Do niedawna Pola porozumiewała się z nami za pomocą pojedynczych słów. A od paru dni składa już 2-wyrazowe zdania!! :) Nadal nie patrząc, czy mówi o sobie, mamie czy tacie mówi np. 'Tata usiadła' co wywołuje uśmiech na naszych ustach, ale liczy się fakt, że są to już ZDANIA :) Poza tym wkraczamy w mocno zabawny etap komentowania przez Bączka rzeczywistości.

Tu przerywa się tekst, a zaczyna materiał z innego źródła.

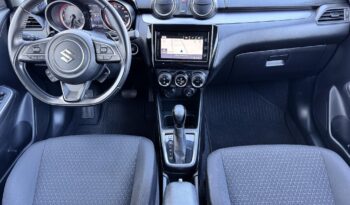 SUZUKI SWIFT 1.2 Dualjet Hybrid GLX CVT MAGYAR – 31.000 KM // 3 + 7 ÉV GYÁRI GARANCIÁVAL // full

Najśmieszniejsze są jej okrzyki 'O NIEE!!' albo "OJOJ/ OJEJ!" po czym z reguły następuje stwierdzenie 'Pola oblała' (się piciem albo wylała picie na podłogę), 'Pola ziaziu' - jak nie trudno się domyśleć, coś sobie Bączek wcześniej uszkodził :)
A nam się udało wyrwać na 3 dni za miasto. Powdychaliśmy trochę innego powietrza niż nasze zanieczyszczone miejskie, napatrzyliśmy się na zieloną trawkę, Pola nazrywała kwiatuszków (głównie mleczy), podmuchała sobie w dmuchawce (jej nowe hobby!), pies się wybiegał i wszyscy wrócili zadowoleni. No, może z wyjątkiem Poli. Koło miejsca gdzie spaliśmy codziennie rano nadmuchiwano na łące wielki zamek dla dzieci. Można było skakać, zjeżdżać, szaleć! Popołudniu jak nie było już na nim dzieci, powietrze z niego wypuszczano co Bączek kwitował smutnym okrzykiem "Nie ma zamku!" I to hasło towarzyszy nam od 3 dni. Jak tylko oddalaliśmy się od zamku, Poli włączała się płyta i co kilka minut następowało odtworzenie magicznego hasła :) Zobaczymy jak długo będzie o zamku pamiętać...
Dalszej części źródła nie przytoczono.